O çevreye söyleyeceği sözü, onlar üzerinden söyledi hep..
Bugünkü bitik eleman da o günlerdeki projelerinden biriydi FETÖ’nün..
Kimsenin adını sanını bilmediği bir ortamda, bir anda çıktı ortaya..
Hrant Dink vurulduğunda.. Yüzükoyun yerde yatarken..
O gün tanıdı basın dünyası bu ismi..
Adının altına ilk kez o gün ‘yazar’ diye yazıldı..
O günden bugüne, her anında, Hrant’ın katilleriyle kol kolaydı..
Ama her yazısında, katıldığı her televizyon programında, Hrant için ne kadar üzgün olduğunu anlattı durdu..
FETÖ’nün kumpas üssü bir gazetede yazdı..
Terör örgütünün propaganda merkezi bir televizyonda program yaptı..
FETÖ-PKK işbirliğinin ürünü olarak PKK’yı destekleyen televizyonda çalıştı..
FETÖ’cü organizasyonlarda FETÖ tezleriyle Türkiye’ye saldırdı..
Türkiye’yi soykırımcı ilan etti, işgalci ilan etti, sivil katliamlarla itham etti..
Bir hain, bir düşman ne yapabilirse, çok daha fazlasını yaptı..
Hatta FETÖ, Faşist Gezi Kalkışması günlerinde onu ajan provokatör olarak bile sürdü sahaya.. Sokaktan devrim devşirmeye çalışan kitle, peşinden gittikleri bu zibidinin sesini polis telsizinden duyunca neye uğradığını şaşırdı..
Kendi tabiriyle Patrikhane’nin yolunu bile bilmezken, Ermeni kimliğini temsil eder hale gelmesini, kendine açıklayabiliyorsa kâfi.. Elini sürdüğü herkes ya kaçtı ya cezaevinde..
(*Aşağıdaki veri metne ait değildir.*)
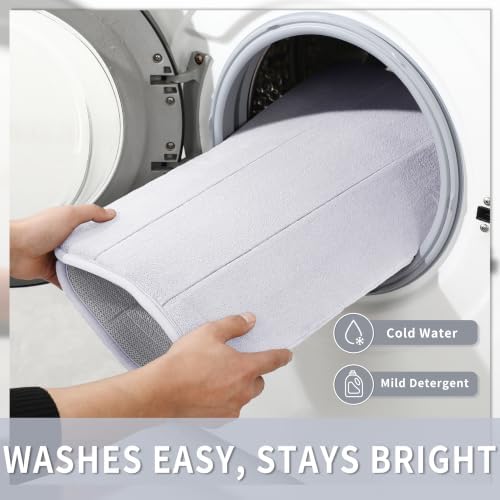 Yimobra Bathroom Runner Rugs 72"x24" Non Slip Washable Memory Foam Bath Mat, Super Soft Water Absorbent Hallway Carpet for Vanity Tub Shower, White - Image 6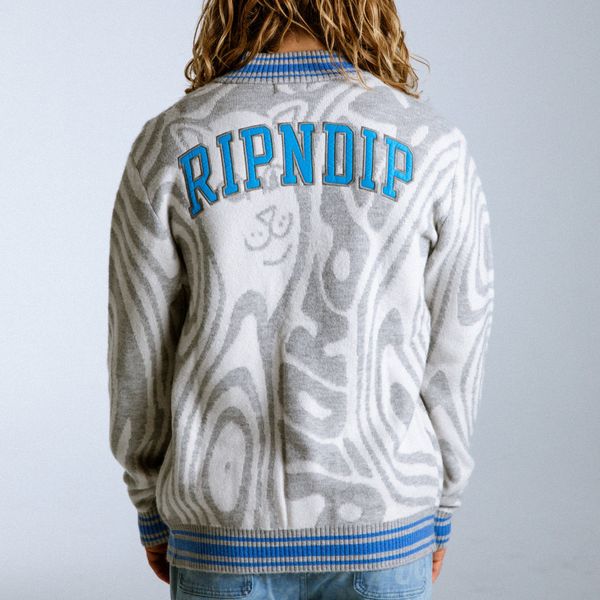 Кардиган Ripndip HYPNOTIC TEAM SPIRIT KNIT CARD grey/light blue RNDFAL24110 фото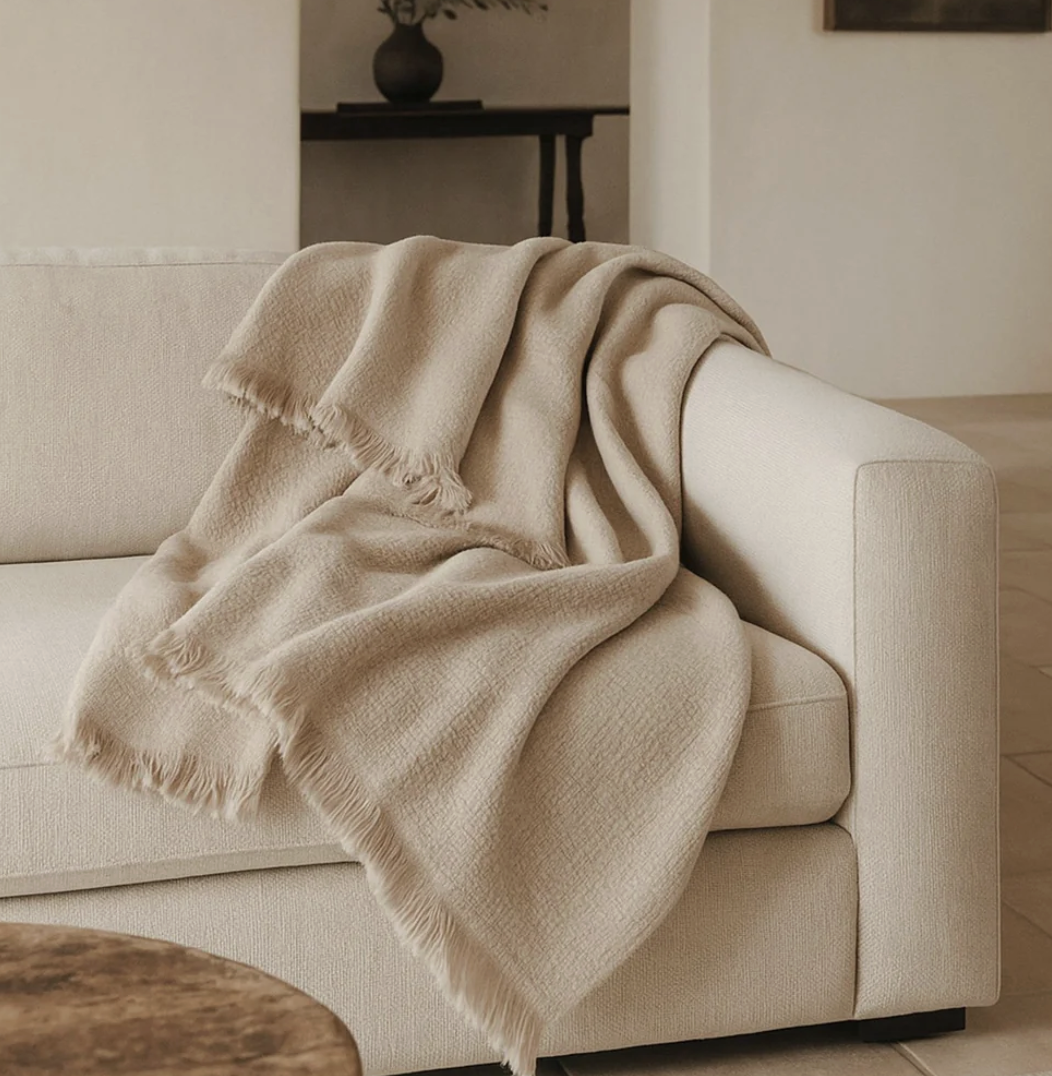 Anaya Home Blissful Bamboo Beige Throw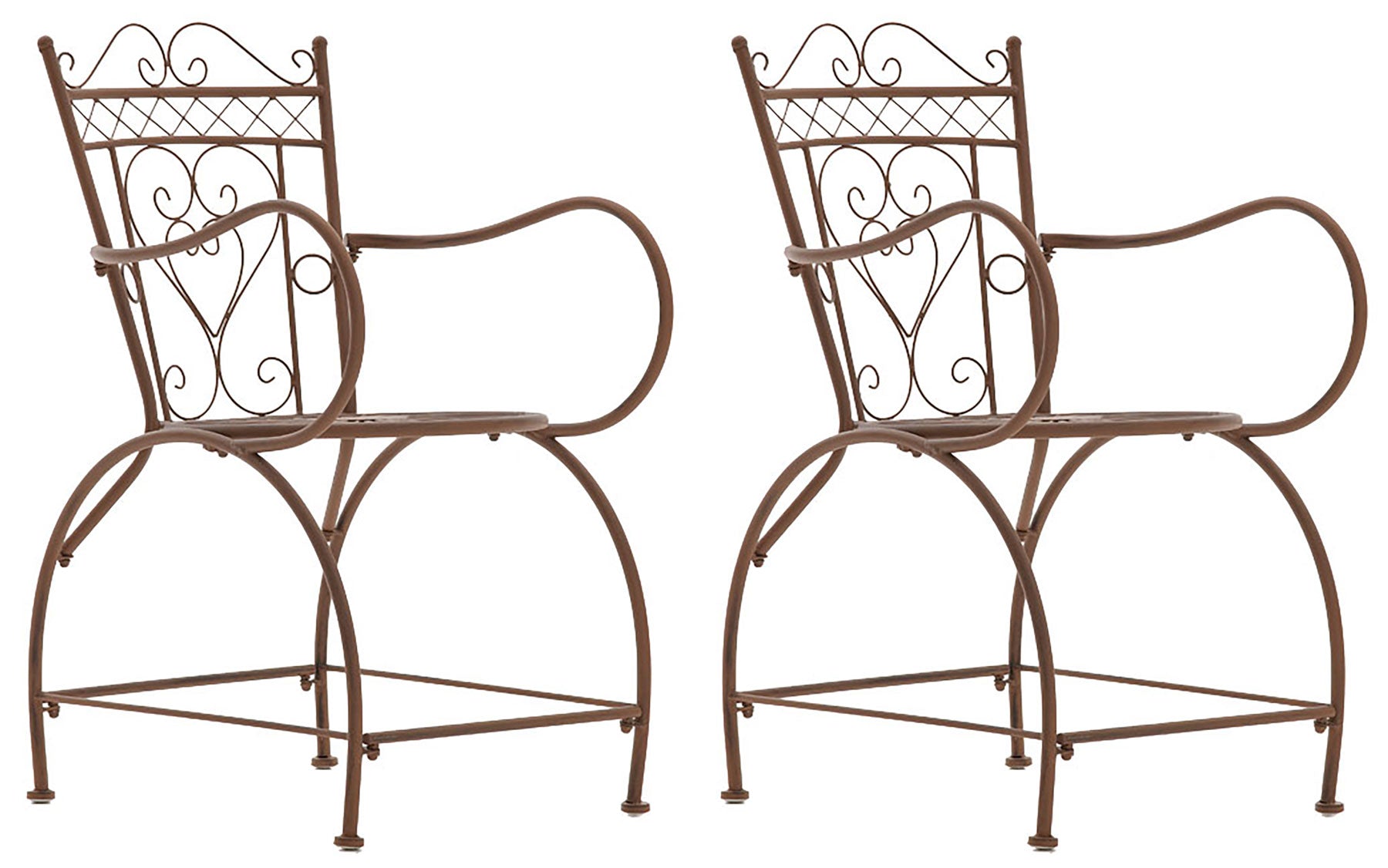 2-delige Tuinstoelenset - Balkonstoelen - Handgemaakte Versiering & Antieke Patina Afwerking Kleur antiek bruin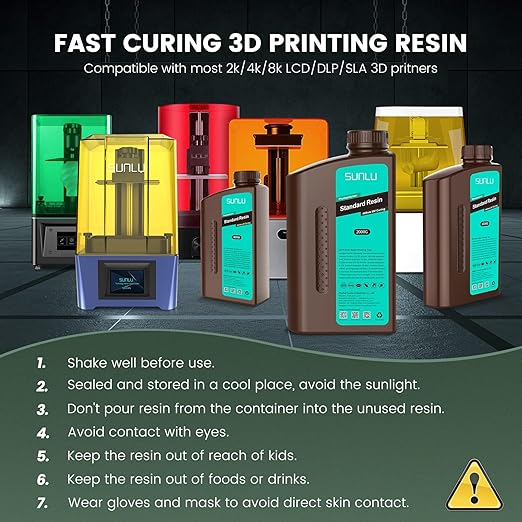 SUNLU 3D Printer Resin 4kg, Fast Curing Standard 3D Resin - Image 6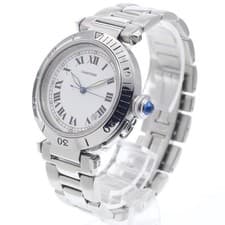 CARTIER PASHA W31005H3 38mm SS White Dial Automatic Date Watch #C412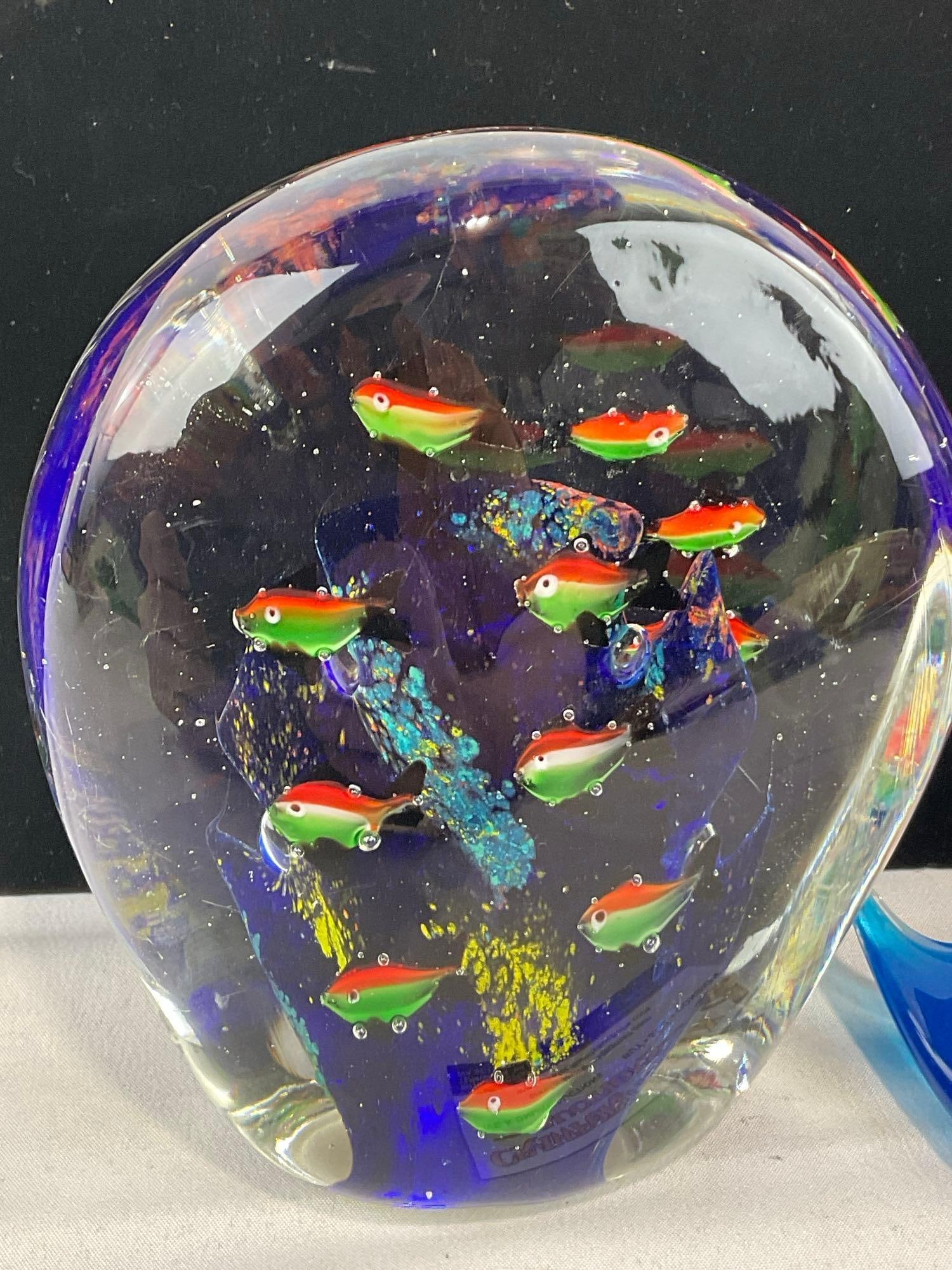 Lovely Handblown Glass Paperweight w/Coral & Tiny Fish inside, & Blue Glass Manta Ray - 2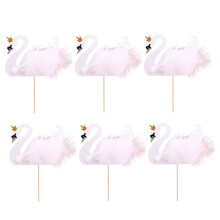 6Pcs Swan Cake Inserting Paper Toppers for Birthday and Party Decor
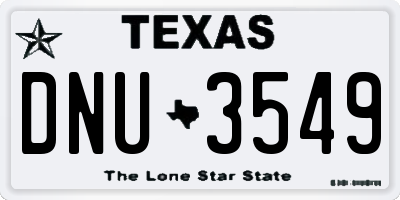 TX license plate DNU3549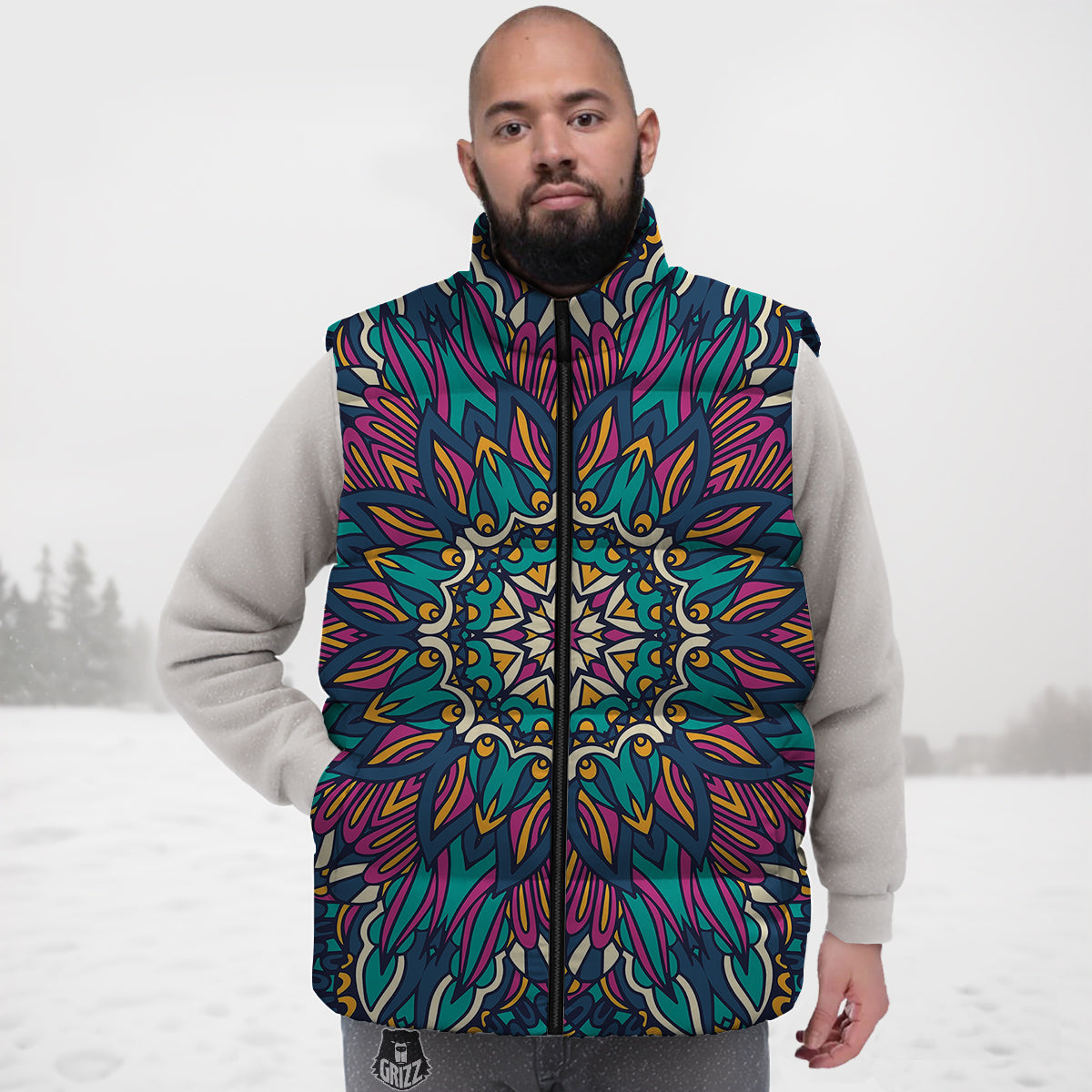 Mandala Coloful Print Down Vest-grizzshop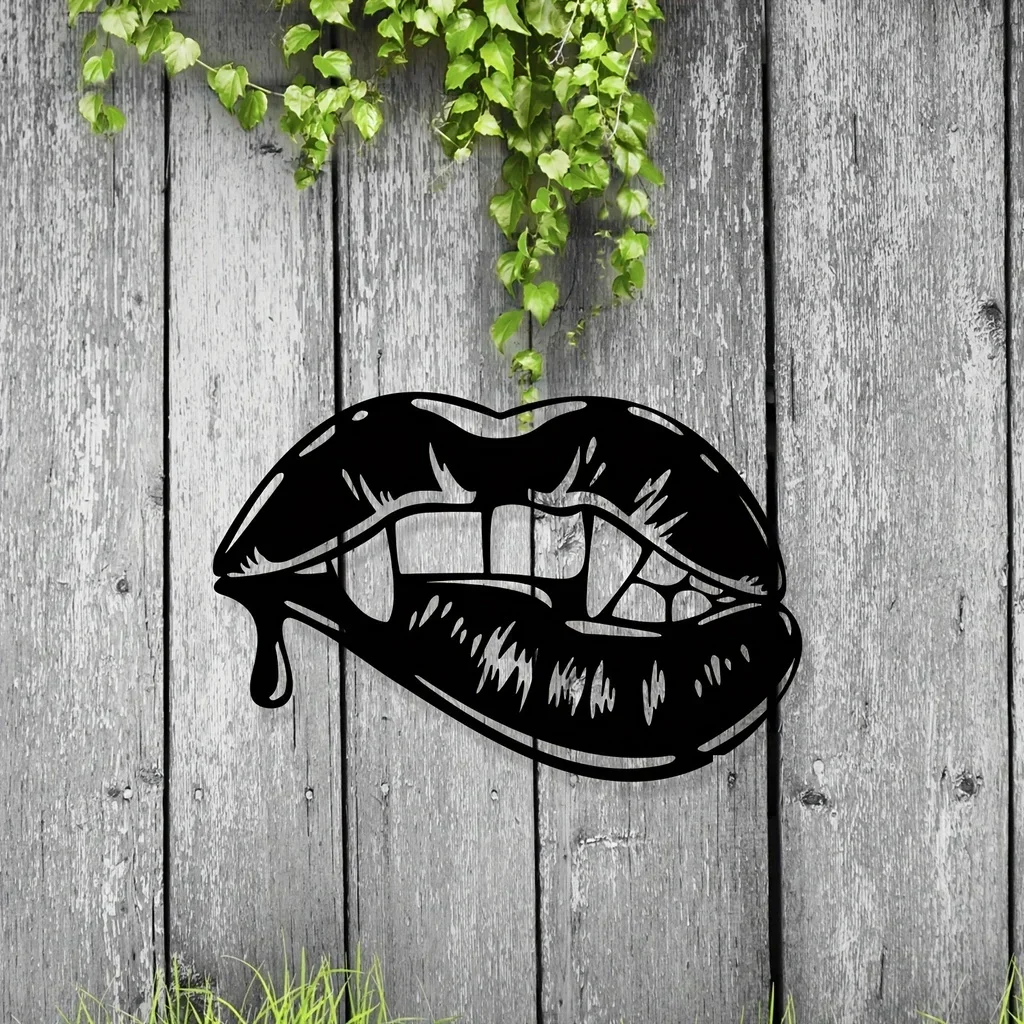 

metal ironmetal wall decor Halloween Vampire Lips Blood Dripping Home Decoration Black Metal Pendant Wall Hanging Decor Room Dec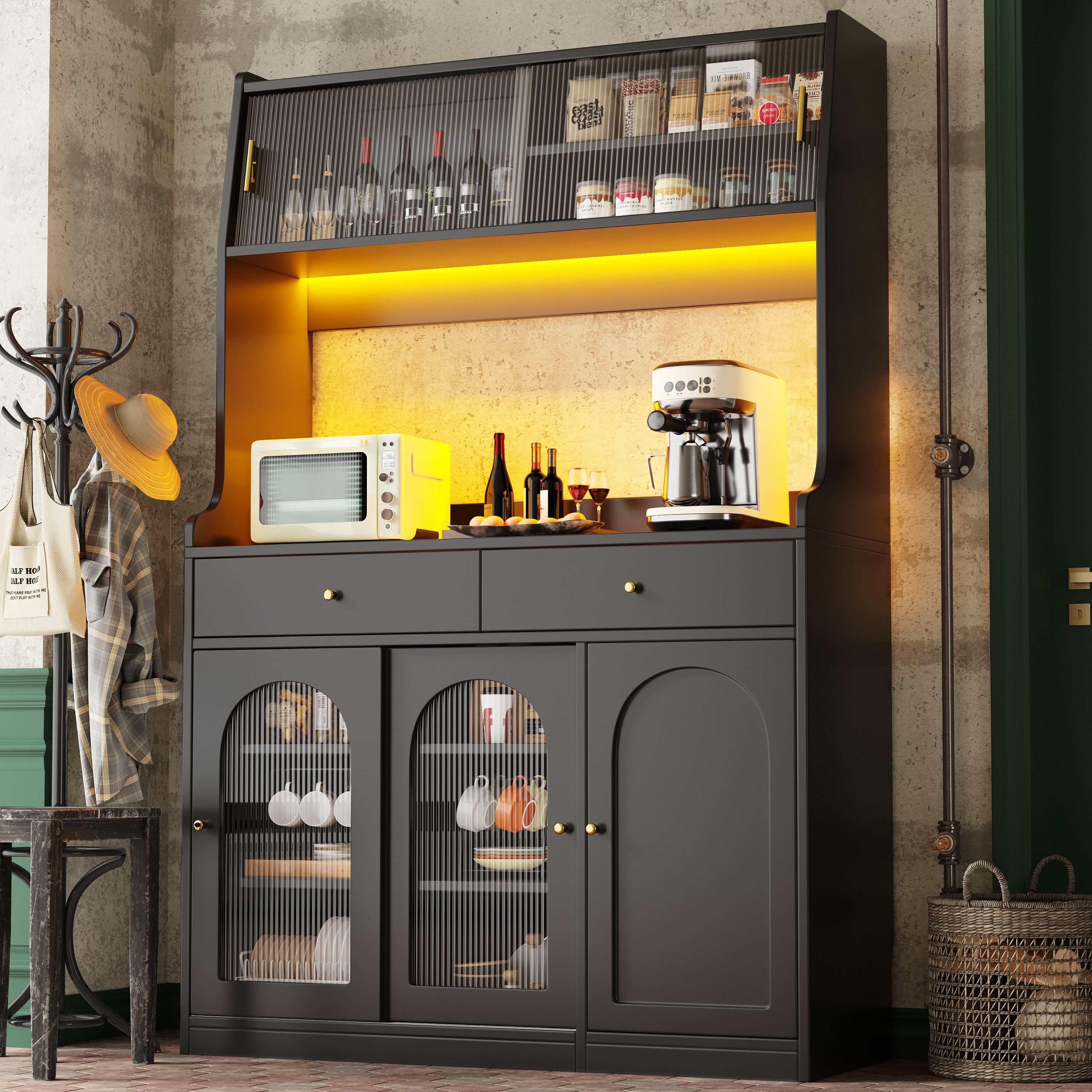 Odikalo Küchenbuffet Küchenschrank Anrichte Hochschrank Buffetschrank günstig online kaufen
Bu hâlâ kenardan havlamaya devam ediyor.. Hayat işte..
Seçimle gelen seçimle giderse!
CHP Sözcüsü Selin Sayek Böke, PKK’nın siyasi kanadına dönük operasyonları eleştirirken; “seçimle gelen seçimle gider” demiş.. Bu önermeyi kurarken acaba HDP’yi değil de doğrudan doğruya kendi partisi CHP’yi kastetmiş olabilir mi? Öyle ya.. Kendi genel başkanı o koltuğa kasetle gelip oturduğuna göre.. Bir FETÖ operasyonuyla CHP’nin bir numaralı koltuğu el değiştirdiğine göre.. ‘Seçimle gelen seçimle giderse’, ‘kasetle gelen de kasetle gider’ demek anlamı çıkmıyor mu buradan?.. Bir şey daha.. Madem seçimle gelen seçimle gidiyor da.. Aralarında 15 Temmuz’un da olduğu, gelmiş geçmiş bütün darbe ve darbe denemelerine, bilâ-istisna neden destek olmuş CHP?.. Seçimle gelen seçimle gidecekse, milletin yüzde 52 oyunu cebinde taşıyan Recep Tayyip Erdoğan’ı devirmek için neden bütün yollar mübah?..
Ya 330 ya seçim
Başkanlık teklifini de içeren düzenleme, ‘TBMM’de 330 oy bulamazsa ne olur?’ diye sormuştuk çarşamba günkü yazımıza.. Öyle ya.. Referanduma gitmesi halinde yüzde 60 oyla geçeceğine neredeyse kesin gözüyle bakılan bir düzenleme, TBMM’den referandum alt sınırı olan 330 oyu bulamayacaksa, orada bir problem var demektir.. Millet iradesinin tecelligâhı konumundaki meclis, milletin beklentilerini yerine getirecek, karşılayacak aritmetiğe sahip değilse, orada yeni bir siyasi tablo ile karşı karşıyayız demektir.. Bakın kamuoyu araştırmalarına.. Başkanlık referandumunda çıkması muhtemel tabloyu koyun önünüze.. Bir de TBMM’deki dirence bakın.. Şunu bütün liderler, parti başkanları akıllarından çıkarmasın.. Millete rağmen, millet meclisinde direnemezsin.. Bozuk saat bile günde nasıl iki kez doğru vakti gösterirse, Demirel de politik ömründe doğru bir kaç söz söylemiştir biliyorsunuz.. Bunlardan en bilineni; “Demokrasilerde çareler tükenmez” sözüdür.. Yol tıkanırsa, çare sandıktır.. Ve sandık her sorunu çözer.. Emin olabilirsiniz..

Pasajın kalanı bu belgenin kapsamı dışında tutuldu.